1900 National League
AVE-.279
OBA-.321
SLG-.366
FPCT-.942
R/G-5.21

1901 American League
AVE-.277
OBA-.326
SLG-.371
FPCT-.938
R/G-5.35

1902 American League:
AVE-.275
OBA-.331
SLG-.369
FPCT-.949
R/G-4.89

1911 National League:
AVE-.260
OBA-.329
SLG-.358
FPCT-.958
R/G-4.42

*******

1928 NNL
AVE-.278
OBA-.333
SLG-.384
FPCT-.955
R/G-5.03

1901 American League
AVE-.277
OBA-.326
SLG-.371
FPCT-.938
R/G-5.35

1926 National League
AVE-.280
OBA-.335
SLG-.386
FPCT-.968
R/G-4.54

1927 National League
AVE-.282
OBA-.335
SLG-.386
FPCT-.968
R/G-4.58

1931 National League
AVE-.277
OBA-.331
SLG-.387
FPCT-.971
R/G-4.48

1936 National League
AVE-.278
OBA-.332
SLG-.386
FPCT-.969
R/G-4.71
   180. KJOK Posted: June 30, 2005 at 02:52 AM (#1440654)
Was trying to put together a spreadsheet of all the MLE's, and from what I can see, we are "missing" good MLE's for the following major players:

C - Ted Radcliffe
2B- Newt Allen, Sammy Hughes
SS- Dobie Moore, Pedro Cepeda
3B- Judy Johnson
LF- Turkey Stearns
RF- Chino Smith
P - Chet Brewer

If these are out there and I've just missed them, please let me know.

Also, anyone interested in doing any of these?

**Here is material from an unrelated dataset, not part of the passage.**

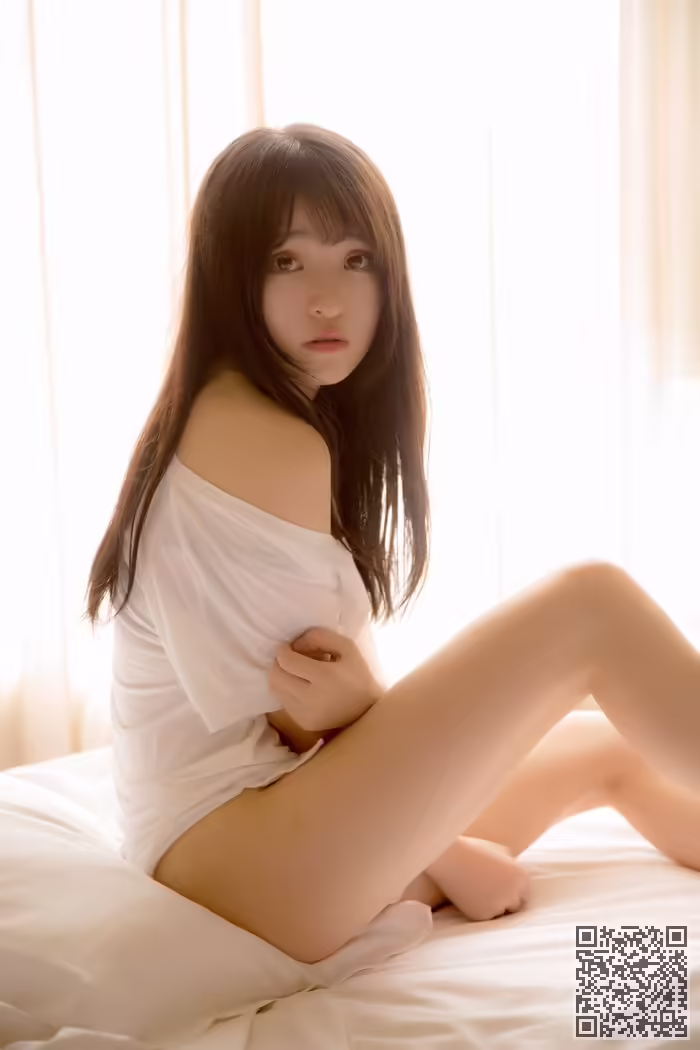 宅男女神、伊小七、一丝不挂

I think it helps with comparisons to have as many a possible...
   181. KJOK Posted: June 30, 2005 at 03:02 AM (#1440681)
Maybe more importantly, the guys about to come up who'll need MLE's:

Buck O'Neal
Willard Brown
Sam Jethroe
Luke Easter
Ray Dandridge
Bill Wright
Satchel Paige
   182. Jeff M Posted: July 03, 2005 at 02:51 PM (#1446645)
Stearnes is in, so I wouldn't worry about him, but I think Moore and Brewer are particularly important from the old list. Also, I would add Ted Strong and Joe Greene, since they did not even get separate threads.
   183. Gary A Posted: July 03, 2005 at 05:06 PM (#1446697)
I would add James "Bus" (or "Buster") Clarkson, another SS/3B who has been largely overlooked. He hit for power and walked a good deal, so he fits the profile of Negro Leaguers who have benefited from our analysis.
   184. Dr. Chaleeko Posted: July 05, 2005 at 01:28 PM (#1449694)
Since it's fast becoming an issue for us, I thought I'd take a look at the Mexican League in comparison to MLB over the period 1938-1970 to see what players who were in both could tell us about the quality of play South of the Border. I looked mostly at batting, but also took a curosry look at pitching.

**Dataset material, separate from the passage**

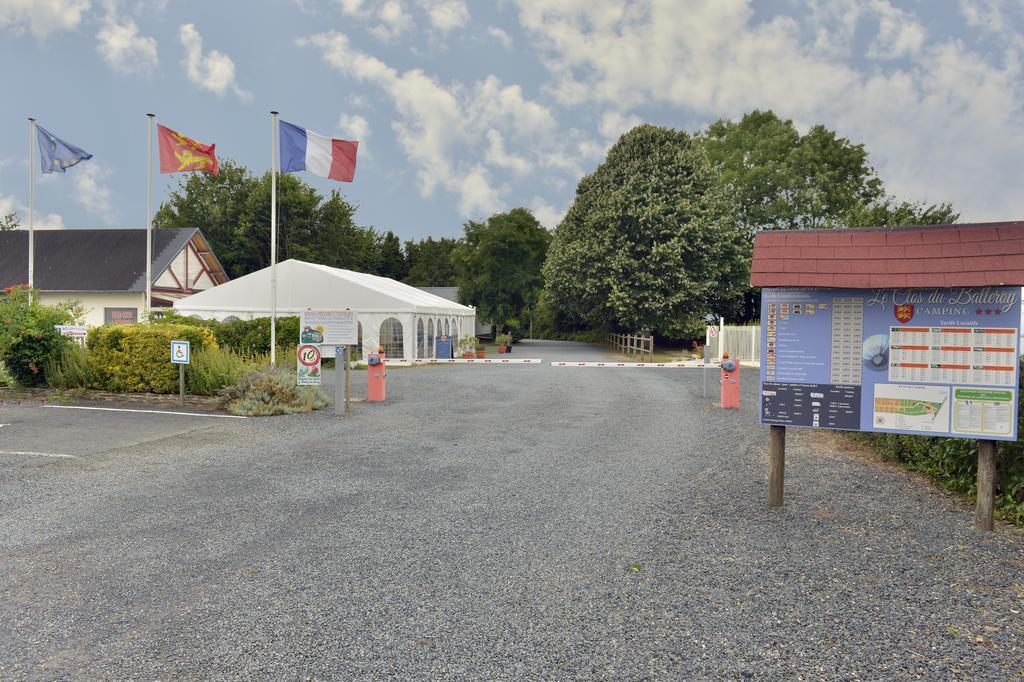 Camping Le Clos De Balleroy Esterno foto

This is definitely a quick-n-dirty approach.... After identifying players who were in both leagues during the period, I noted their AB, AGE, AVG, OBP, SLG, AB/BB, AB/K, K/BB, and SB/ToB. No adjustments for park, league, era, age, or anything. From there I simply computed the ratio of their play from Mexico over the play from MLB. I grouped together seasons to avoid small samples, so I typically looked at two and three year groupings in Mexico, then looked at the surrounding MLB seasons where available...or vise versa when the information available dictated doing so. I looked at both cases and an aggregate total as well.

In total there were about 30 players in the study, however, not all of them presented appropriate cases for direct comparison due to small samples (for instance Willard Brown). In those instances, I retained their numbers for the overall average, but didn't use them for individual cases.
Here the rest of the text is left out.